14.2 In the event of Force Majeure, the Parties shall use all reasonable efforts to limit the consequences of the Force Majeure situation and shall resume the performance of their obligations as soon as the Force Majeure situation has ended.
TERMINATION
15.1 VCS may terminate the Agreement, in whole or in part, unilaterally, with immediate effect and without prior notice of default, by means of simple written notice to the Customer in the following cases:
- If the Customer fails to comply with one or more essential obligations, such as the timely and full payment of the advance and/or the Price, breach of Article 10 GTC, breach of Article 11 GTC, etc.;
- Suspension of payments or any other indication of insolvency, the Customer’s involvement in judicial reorganisation proceedings, (the filing for) bankruptcy;
- Liquidation, dissolution or cessation of the Customer’s activities;
- A change of control over the Customer;
- Seizure of (part of) the Customer’s assets;
- If VCS has legitimate grounds to doubt that the Customer will fulfil its obligations towards VCS.
15.2 Upon termination of the Agreement (or part thereof), all claims of VCS against the Customer shall become immediately due and payable and VCS shall be entitled to take back all Goods still in the Customer’s possession and owned by VCS pursuant to Article 11 GTC or otherwise. The Customer shall fully cooperate in this respect.
Furthermore, the Customer shall, where applicable, owe fixed liquidated damages amounting to 30% of the Price. Any advance paid by the Customer shall be set off against this amount. In addition, VCS reserves the right to claim higher compensation depending on the actual damage suffered.
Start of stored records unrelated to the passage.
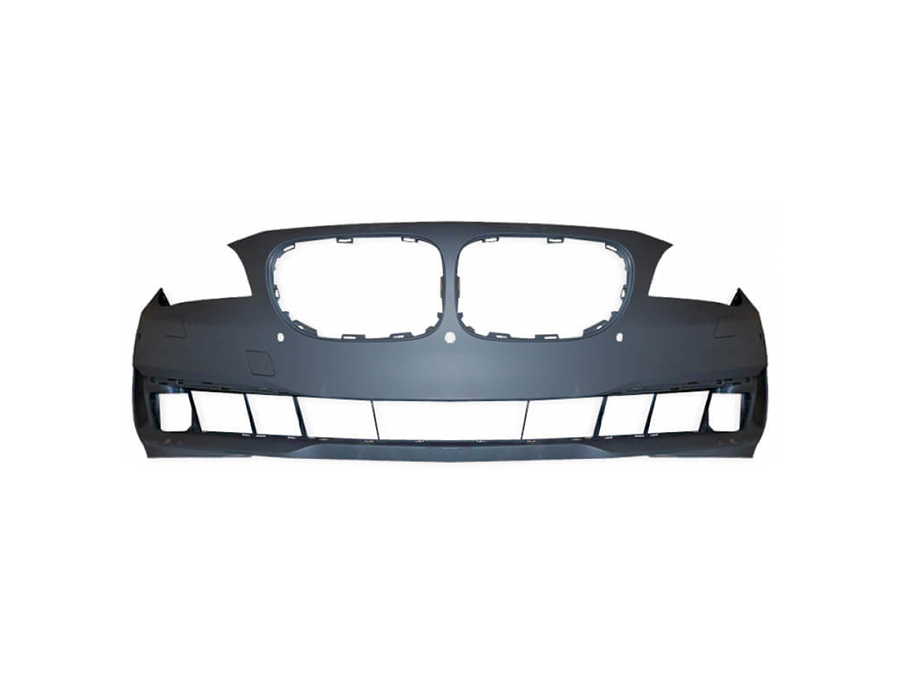 BMW 7 Serisi F01 2009-2015 Tampon Ön; F.Yık-lı, PDCli 2012-15 | WENDER BN51117313945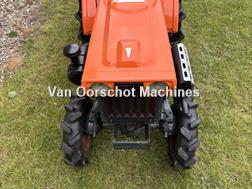Kubota B 5000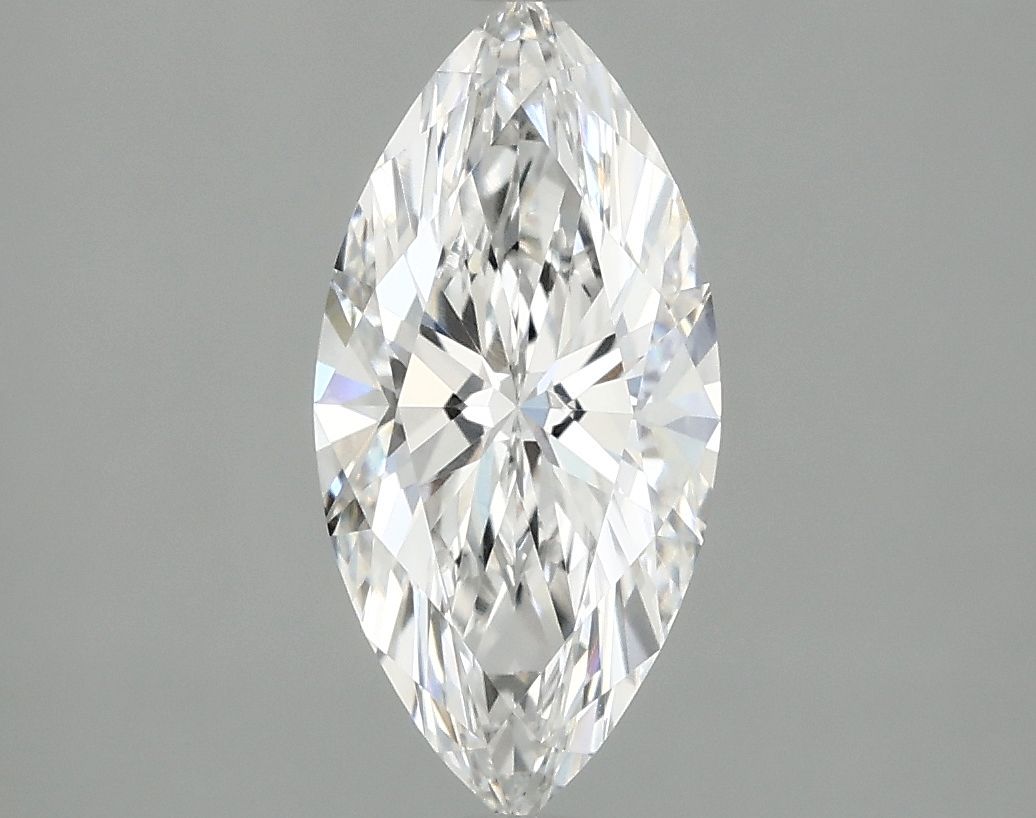 Lab Grown Diamond 1,51Ct E-VS1 Marquise - IGILG786690755 1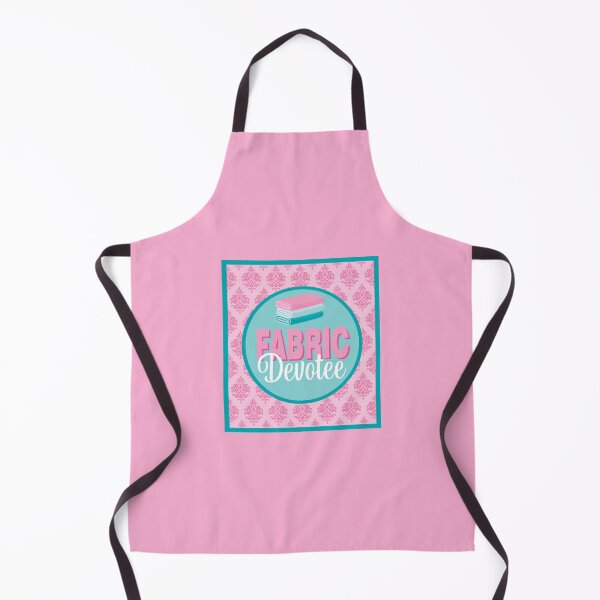 Item preview, Fabric Panels Devotee - PINK AND BLUE designed and sold by StellarFX.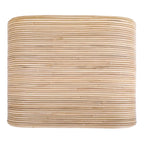 Kyran Rattan Coffee Table & Side/End Table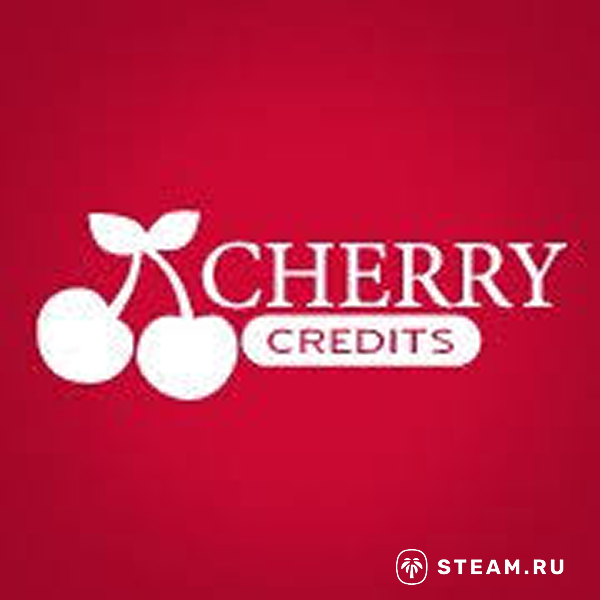 Cherry Credits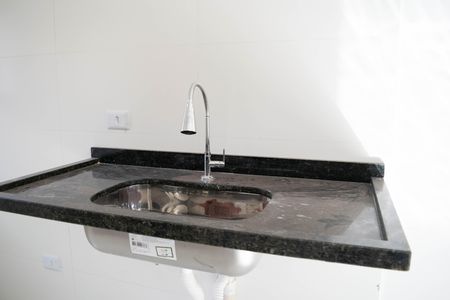 Pia de apartamento para alugar com 2 quartos, 55m² em Vila Matilde, São Paulo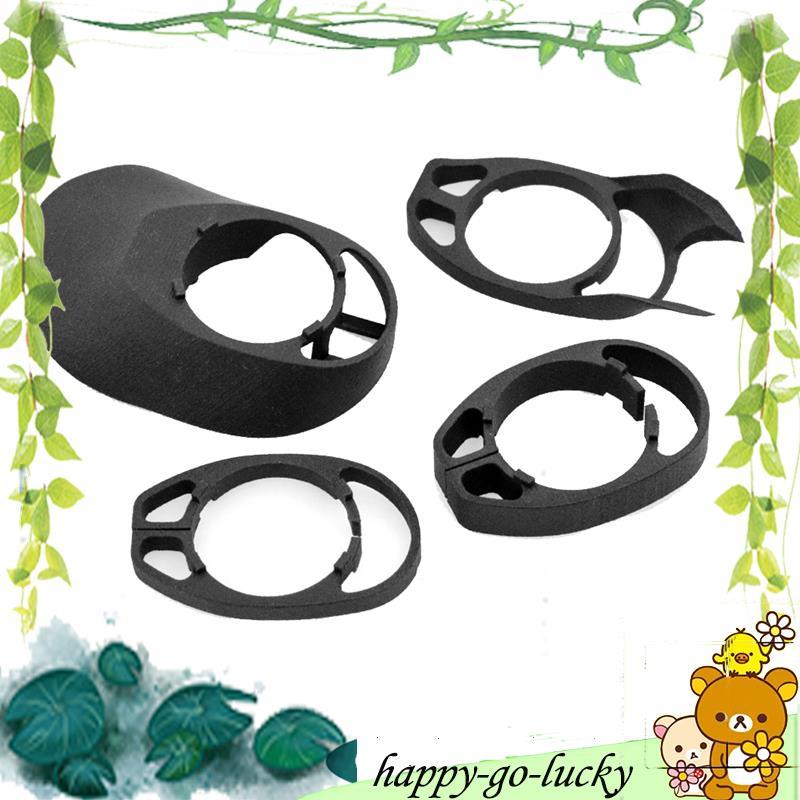 แฮนด์เครื่องซักผ้าแยก Spacer ชุดจักรยานถนน SL8 Handlebar อะแดปเตอร์ Spacers อุปกรณ์เสริมสําหรับ SL7 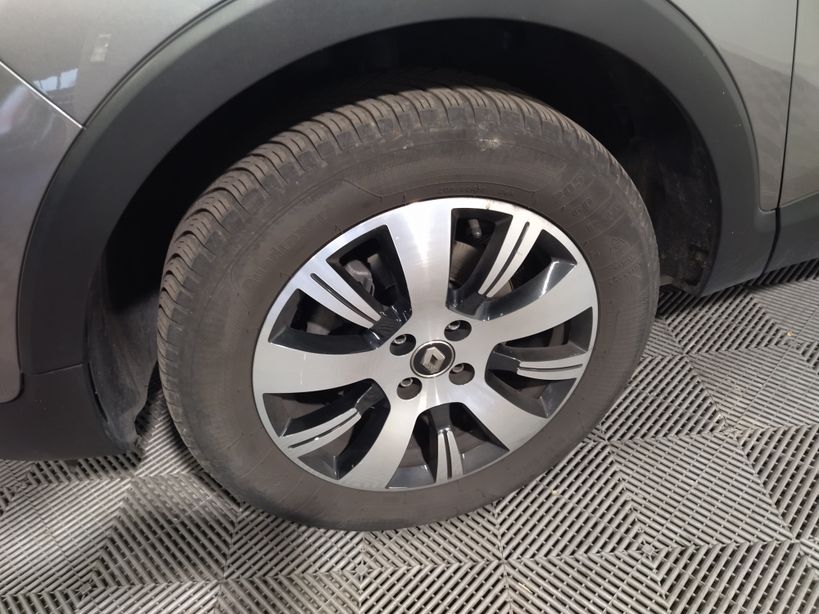 RENAULT CAPTUR BUSINESS 2019 - Photo n°4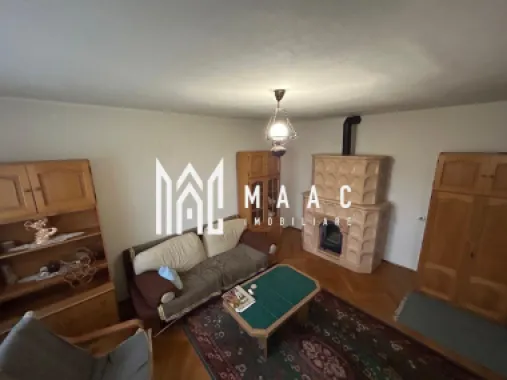 Casa 6 camere I 263 MPU I 700 MP Teren I Talmaciu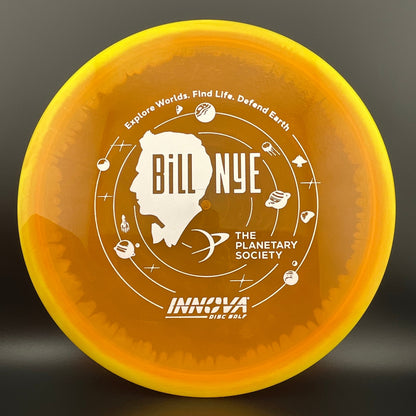 Halo Champion Mako3 - Bill Nye Collab Edition
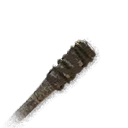 Discarded Torch
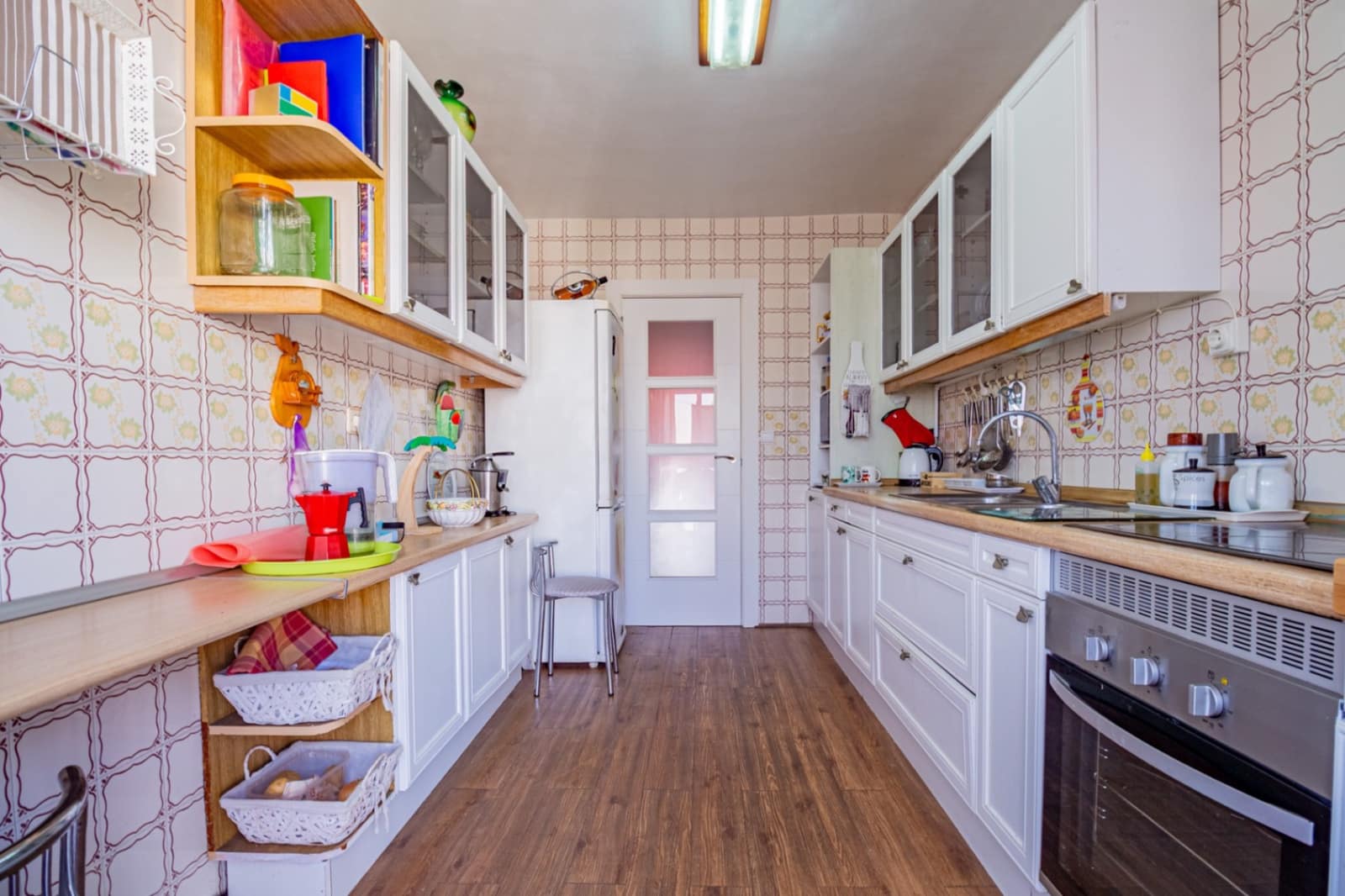 3 camera da letto Appartamento in vendita in Benidorm con piscina garage - 320.000 € (Rif: 10034283)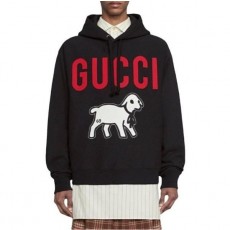 구* 램로고 후드티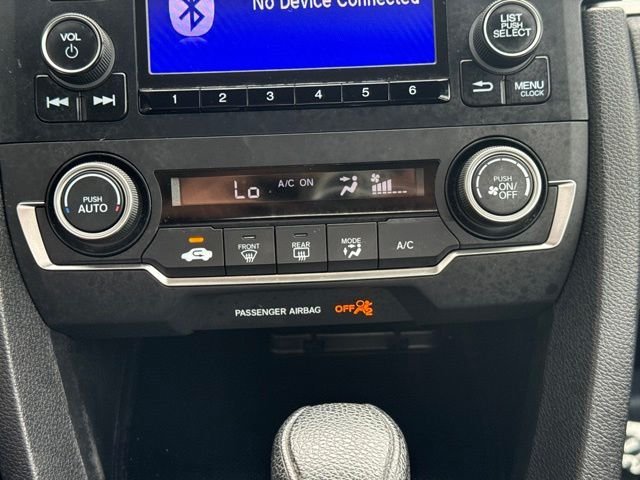 Used 2020 Honda Civic LX image 20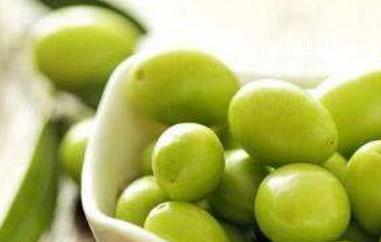 橄榄果咋吃（如何吃橄榄果）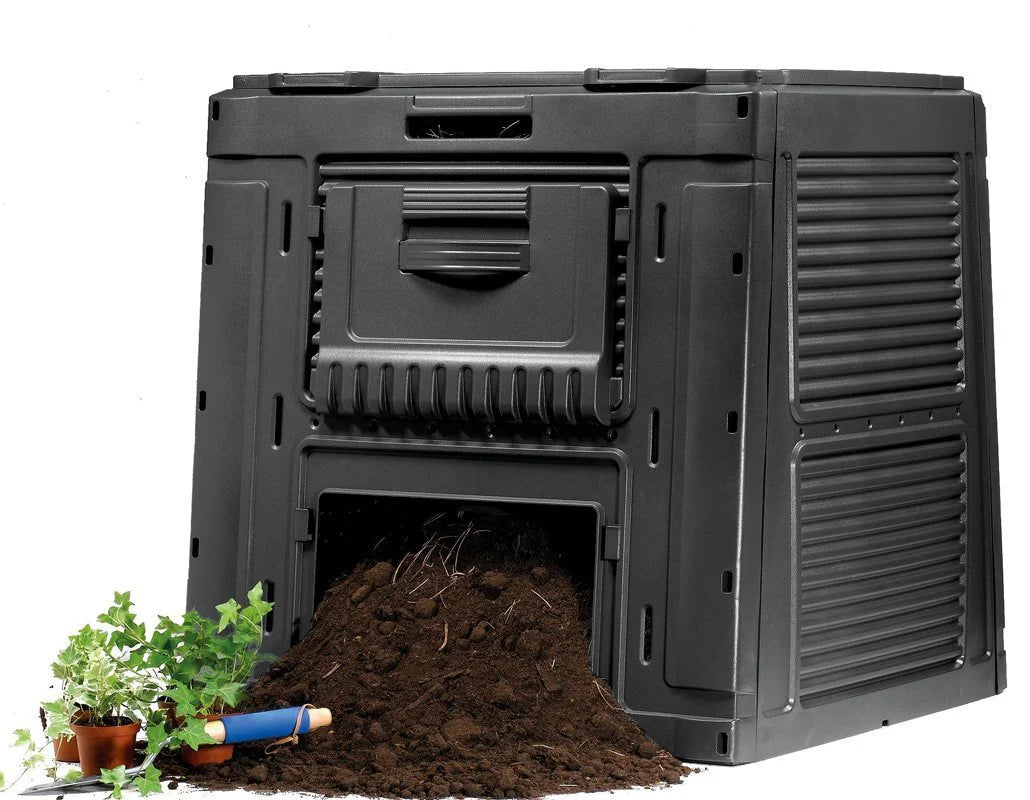 E-COMPOSTER WITHOUT BASE 470L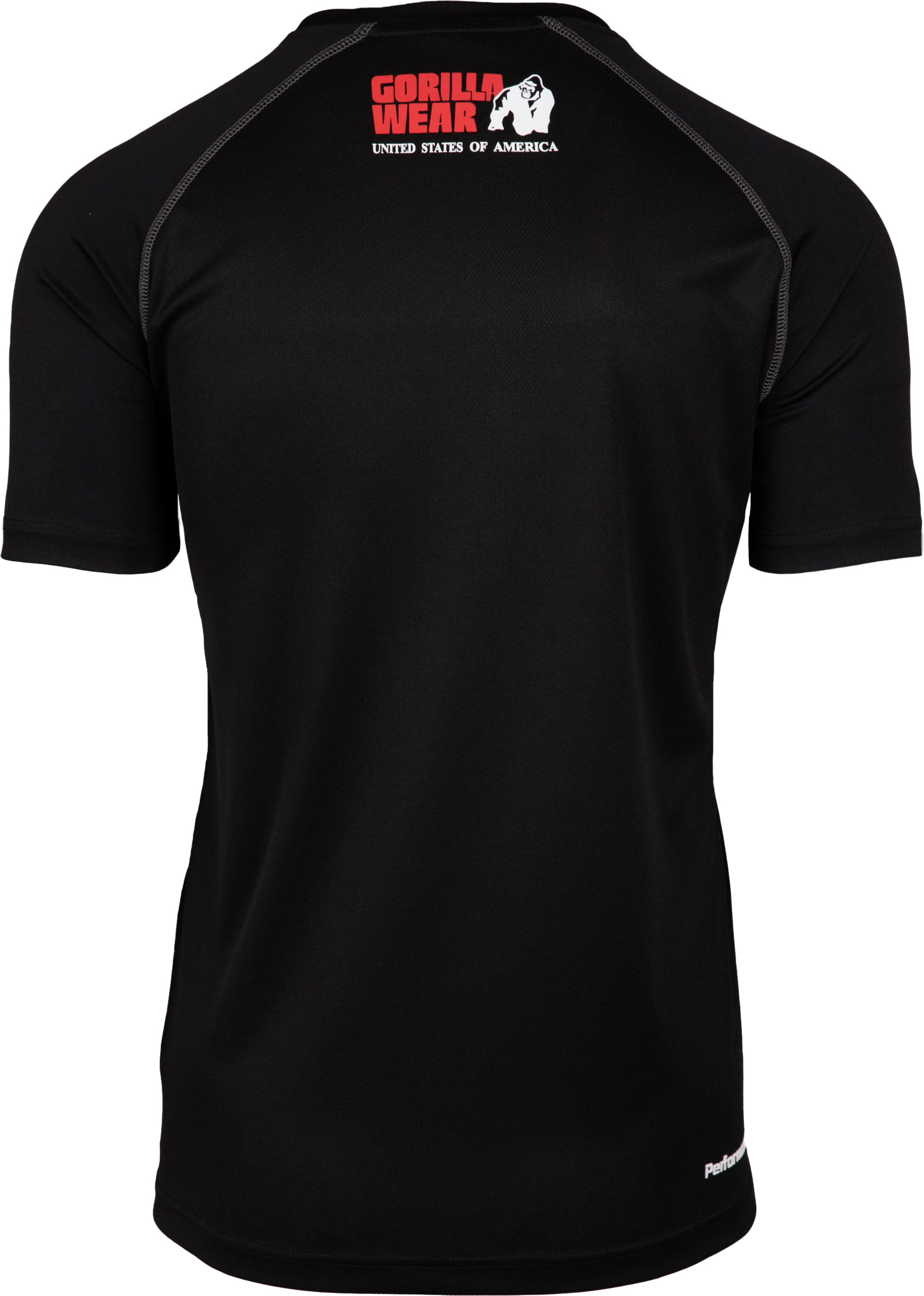 GORILLA WEAR, Performance T-shirt
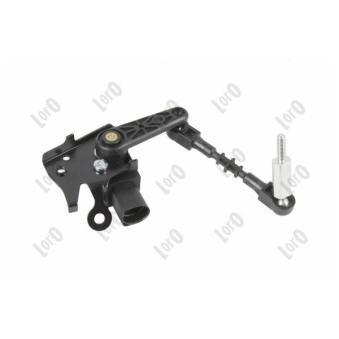 Capteur, éclairage au xénon(réglage de la portée des phares) ABAKUS 120-09-059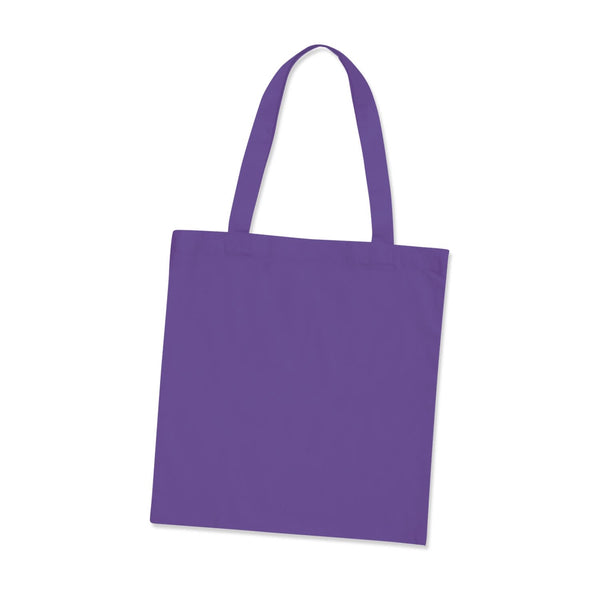 Sonnet Cotton Tote Bag  Colours [3-107689]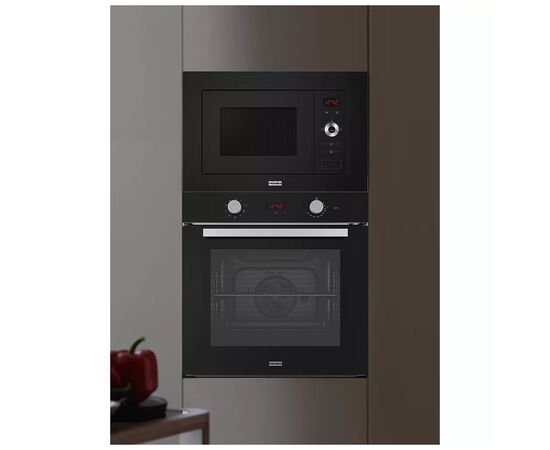 Духовой шкаф Franke FSL 86 H BK (116.0609.447), изображение 7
15.3 In the event of termination of hire for one of the reasons referred to in Article 15.1, the Customer shall, without prejudice to the return of the Goods, owe damages equal to the hire fees that would be due from the date of termination until the standard end date of the hire. Any damage to the Goods, as established by VCS at the time of return, shall be compensated by the Customer.
PRIVACY
The Parties undertake to comply with the General Data Protection Regulation. More information regarding the processing of personal data by VCS can be found in VCS’s privacy statement, available at https://vcsolutions.be/privacy-policy/.
GENERAL PROVISIONS
INTELLECTUAL PROPERTY
VCS and/or its supplier(s) retain the intellectual property rights to the Goods and/or Services. The Customer cannot claim intellectual property rights in respect of the Goods and/or Services and acquires no rights other than those expressly provided for in the Agreement.
ASSIGNMENT
The Customer may not transfer the Agreement or any rights or obligations thereunder, in whole or in part, to any third party without VCS’s prior written consent.
NULLITY, INVALIDITY AND UNENFORCEABILITY
The nullity, invalidity or unenforceability of any provision in the GTC, the Offer, the Order Confirmation and/or the Agreement shall not entail the nullity, invalidity or unenforceability of any other provision nor of the aforementioned documents as a whole. Such provision shall, where appropriate, be replaced by a valid provision.
REFERENCE
VCS is permitted to include a reference to the Customer in its reference portfolio and/or on the Website.
GOVERNING LAW AND JURISDICTION
These GTC are governed by and shall be interpreted in accordance with Belgian law, to the exclusion of the Vienna Sales Convention.
All disputes arising out of the contractual relationship between VCS and the Customer shall fall within the exclusive jurisdiction of the Commercial Court of Hasselt.